Originally Posted by Injuneer
Let's get a grip people... some of these statements are not rational.

Density relationship of an API 56 gravity gasoline would indicate that increasing the temperature from 60degF to 90degF would change the density by about 1.8%. Obviously not enough to allow "3-4 gallons" of gasoline to expand to 5 (a 25-67% volume increase). You would put 4.9 gallons of fuel into the container at 60degF. It would occupy the 5 gallon container at 90degF.
Hey, reality is a bitch… I had the same thought reading this thread before I got to your post and got 4.94 gallons using slightly different numbers, same idea.

I'm not sure how the comment "physics says that higher pressure = higher temperature" applies to this discussion at all. Heating a material causes it to expand, but pressure will change only if it is constrained by a fixed volume. Compressing a gas will cause the temperature to increase, but we're not talking about compressing a gas, or dealing with the issue of adiabatic efficiency.
Exhactly, liquids don’t really compress and you’re not going to see much of a change there, mostly from picking up heat from the pump, going through the rails…

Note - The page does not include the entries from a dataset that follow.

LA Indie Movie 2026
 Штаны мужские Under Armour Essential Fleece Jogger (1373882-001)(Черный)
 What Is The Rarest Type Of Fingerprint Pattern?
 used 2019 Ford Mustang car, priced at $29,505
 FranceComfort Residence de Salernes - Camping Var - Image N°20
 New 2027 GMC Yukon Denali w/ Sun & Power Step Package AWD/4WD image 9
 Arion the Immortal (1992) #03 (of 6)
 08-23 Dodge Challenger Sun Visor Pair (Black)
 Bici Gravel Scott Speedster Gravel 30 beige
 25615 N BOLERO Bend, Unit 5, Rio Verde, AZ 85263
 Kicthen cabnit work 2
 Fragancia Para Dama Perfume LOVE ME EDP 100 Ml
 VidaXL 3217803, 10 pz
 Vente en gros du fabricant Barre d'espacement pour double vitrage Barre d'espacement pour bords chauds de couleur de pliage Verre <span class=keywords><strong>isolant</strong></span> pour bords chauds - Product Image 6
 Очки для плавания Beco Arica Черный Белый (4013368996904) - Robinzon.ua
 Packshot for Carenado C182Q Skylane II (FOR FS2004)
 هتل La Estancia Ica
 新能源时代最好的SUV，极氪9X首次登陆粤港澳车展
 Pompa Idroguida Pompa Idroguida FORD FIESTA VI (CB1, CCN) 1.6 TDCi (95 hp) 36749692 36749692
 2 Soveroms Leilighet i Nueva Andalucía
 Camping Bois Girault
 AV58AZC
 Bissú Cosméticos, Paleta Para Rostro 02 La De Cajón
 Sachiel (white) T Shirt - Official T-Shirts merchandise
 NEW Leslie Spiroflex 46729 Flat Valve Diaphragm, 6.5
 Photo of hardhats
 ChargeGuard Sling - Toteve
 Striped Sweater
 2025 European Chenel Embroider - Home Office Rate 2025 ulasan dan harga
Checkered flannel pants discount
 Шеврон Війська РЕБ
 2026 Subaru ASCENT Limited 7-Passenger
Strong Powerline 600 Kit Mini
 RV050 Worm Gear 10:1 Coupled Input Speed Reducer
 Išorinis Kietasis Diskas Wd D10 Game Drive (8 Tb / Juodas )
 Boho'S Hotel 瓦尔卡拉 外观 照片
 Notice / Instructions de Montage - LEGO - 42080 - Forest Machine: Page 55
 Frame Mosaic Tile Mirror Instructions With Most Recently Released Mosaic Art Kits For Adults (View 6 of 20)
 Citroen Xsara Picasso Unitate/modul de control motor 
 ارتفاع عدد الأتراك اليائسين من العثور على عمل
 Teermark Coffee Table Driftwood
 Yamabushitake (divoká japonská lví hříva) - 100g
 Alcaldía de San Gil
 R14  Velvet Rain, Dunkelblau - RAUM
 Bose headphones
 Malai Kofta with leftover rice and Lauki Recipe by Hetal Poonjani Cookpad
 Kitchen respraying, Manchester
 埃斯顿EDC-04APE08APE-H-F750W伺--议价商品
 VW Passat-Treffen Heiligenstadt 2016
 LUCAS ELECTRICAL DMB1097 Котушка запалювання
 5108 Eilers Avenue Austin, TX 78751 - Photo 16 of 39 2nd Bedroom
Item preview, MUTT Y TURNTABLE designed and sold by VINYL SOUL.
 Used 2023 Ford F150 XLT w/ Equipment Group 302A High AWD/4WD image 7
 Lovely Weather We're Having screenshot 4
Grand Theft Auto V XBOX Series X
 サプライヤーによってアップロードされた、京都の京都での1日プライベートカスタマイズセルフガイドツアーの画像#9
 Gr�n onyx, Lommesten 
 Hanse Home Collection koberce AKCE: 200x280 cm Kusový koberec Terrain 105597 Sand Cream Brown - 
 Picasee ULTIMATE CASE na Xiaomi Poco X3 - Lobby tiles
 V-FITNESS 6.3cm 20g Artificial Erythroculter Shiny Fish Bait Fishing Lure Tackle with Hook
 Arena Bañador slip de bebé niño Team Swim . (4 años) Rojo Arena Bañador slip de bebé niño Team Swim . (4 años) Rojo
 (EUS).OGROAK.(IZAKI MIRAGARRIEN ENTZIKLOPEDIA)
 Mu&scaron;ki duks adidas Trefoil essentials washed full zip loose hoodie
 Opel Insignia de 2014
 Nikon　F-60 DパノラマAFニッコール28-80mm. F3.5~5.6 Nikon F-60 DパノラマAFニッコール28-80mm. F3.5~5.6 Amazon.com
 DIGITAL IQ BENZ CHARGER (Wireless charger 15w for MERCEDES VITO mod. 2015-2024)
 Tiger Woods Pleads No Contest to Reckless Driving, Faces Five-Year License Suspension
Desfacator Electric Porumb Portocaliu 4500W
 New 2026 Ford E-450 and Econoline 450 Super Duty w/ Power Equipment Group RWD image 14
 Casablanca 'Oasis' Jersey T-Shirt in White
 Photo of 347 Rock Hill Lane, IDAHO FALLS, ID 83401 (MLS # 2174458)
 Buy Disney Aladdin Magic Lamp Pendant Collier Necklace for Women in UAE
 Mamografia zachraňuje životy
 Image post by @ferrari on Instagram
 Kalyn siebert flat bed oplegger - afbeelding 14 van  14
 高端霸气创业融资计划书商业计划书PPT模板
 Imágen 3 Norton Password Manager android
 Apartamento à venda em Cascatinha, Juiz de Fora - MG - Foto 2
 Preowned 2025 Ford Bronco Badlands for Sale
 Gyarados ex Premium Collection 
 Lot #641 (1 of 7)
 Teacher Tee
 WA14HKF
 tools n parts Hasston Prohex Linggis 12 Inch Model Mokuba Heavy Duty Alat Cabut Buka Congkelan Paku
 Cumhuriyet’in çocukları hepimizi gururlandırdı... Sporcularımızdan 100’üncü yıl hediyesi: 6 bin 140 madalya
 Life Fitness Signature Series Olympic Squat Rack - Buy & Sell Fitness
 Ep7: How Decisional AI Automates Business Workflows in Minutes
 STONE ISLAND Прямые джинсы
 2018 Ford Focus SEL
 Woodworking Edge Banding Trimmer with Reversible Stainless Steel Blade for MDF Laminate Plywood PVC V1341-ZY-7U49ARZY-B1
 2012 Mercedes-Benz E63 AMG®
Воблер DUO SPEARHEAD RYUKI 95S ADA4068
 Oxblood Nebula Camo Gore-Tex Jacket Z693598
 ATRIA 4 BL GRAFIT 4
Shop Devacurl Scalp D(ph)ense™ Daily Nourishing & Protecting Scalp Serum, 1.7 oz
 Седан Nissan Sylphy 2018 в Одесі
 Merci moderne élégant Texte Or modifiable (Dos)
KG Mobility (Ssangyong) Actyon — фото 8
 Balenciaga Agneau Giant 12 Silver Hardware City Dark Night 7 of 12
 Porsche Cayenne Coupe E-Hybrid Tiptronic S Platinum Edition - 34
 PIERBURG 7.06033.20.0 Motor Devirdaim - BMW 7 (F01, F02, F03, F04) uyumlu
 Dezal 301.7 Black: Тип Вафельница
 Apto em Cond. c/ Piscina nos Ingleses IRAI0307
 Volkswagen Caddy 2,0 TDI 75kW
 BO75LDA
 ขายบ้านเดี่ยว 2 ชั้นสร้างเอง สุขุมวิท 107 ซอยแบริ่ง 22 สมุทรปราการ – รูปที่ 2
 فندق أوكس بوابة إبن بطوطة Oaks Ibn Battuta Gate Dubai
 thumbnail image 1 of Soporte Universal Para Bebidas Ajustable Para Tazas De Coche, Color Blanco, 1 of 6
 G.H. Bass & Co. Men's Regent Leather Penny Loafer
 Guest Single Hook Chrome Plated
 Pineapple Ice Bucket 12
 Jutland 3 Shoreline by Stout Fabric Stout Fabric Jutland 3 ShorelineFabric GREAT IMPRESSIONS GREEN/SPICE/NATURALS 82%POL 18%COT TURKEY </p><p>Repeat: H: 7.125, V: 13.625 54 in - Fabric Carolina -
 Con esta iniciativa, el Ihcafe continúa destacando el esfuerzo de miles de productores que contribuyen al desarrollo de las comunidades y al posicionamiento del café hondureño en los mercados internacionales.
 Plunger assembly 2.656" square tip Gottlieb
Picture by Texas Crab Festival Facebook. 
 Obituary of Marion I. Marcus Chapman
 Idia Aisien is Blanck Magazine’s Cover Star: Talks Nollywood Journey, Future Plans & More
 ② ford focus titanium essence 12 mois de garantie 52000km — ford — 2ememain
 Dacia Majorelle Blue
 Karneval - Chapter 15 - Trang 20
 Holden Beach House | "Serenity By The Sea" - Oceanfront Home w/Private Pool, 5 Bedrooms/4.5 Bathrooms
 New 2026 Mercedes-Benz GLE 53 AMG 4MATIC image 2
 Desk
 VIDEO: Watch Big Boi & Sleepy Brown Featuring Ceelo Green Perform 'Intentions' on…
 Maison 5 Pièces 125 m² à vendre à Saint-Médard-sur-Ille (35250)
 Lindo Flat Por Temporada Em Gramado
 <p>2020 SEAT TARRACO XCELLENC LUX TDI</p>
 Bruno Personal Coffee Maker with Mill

Icing of a carb is not tied to the fuel being at 32degF, and icing of a carb does not relate to "and you'll only ice up if you have water mixed with your gas and below 32*". Icing occurs when the metal parts reach 32degF and the moisture in the air freezes on the metal parts. Moisture from the air - not water in the gasoline. The major contributor to the cold temperatures required to actually freeze the moisture in the air is the fact that the gasoline is vaporizing, and the latent heat of vaporization is subcooling the air. Its not because the fuel itself has ben cooled to 32degF.
More so then that, you really don’t need to see much cooling from the fuel, the issue is to get the intake just enough under ambient on a day with a high dew point and then the air rushing past the throttle plate, basically creating a venturi/low pressure area that will be significantly cooler and allow the water vapor in the air to condense out and freeze on the plate. This can happen on quite a warm day with even hot gas (more likely to evaporate and cool the intake more).

Keeping the fuel cool is important, but attempting to do that by some complicated process of reducing heat transfer to the rails is not cost effective. The recirculating fuel picks up heat from numerous sources, including the energy lost due to the efficiency of the pump in the pumping process, the use of fuel to col the pump, lines running near exhaust systems, lines running in the hot engine compartment, etc. A fuel cooler is simple and cost effective.
Or just minimizing the amount of fuel that recirculates through the system and picks up heat… this also prolongs pump life.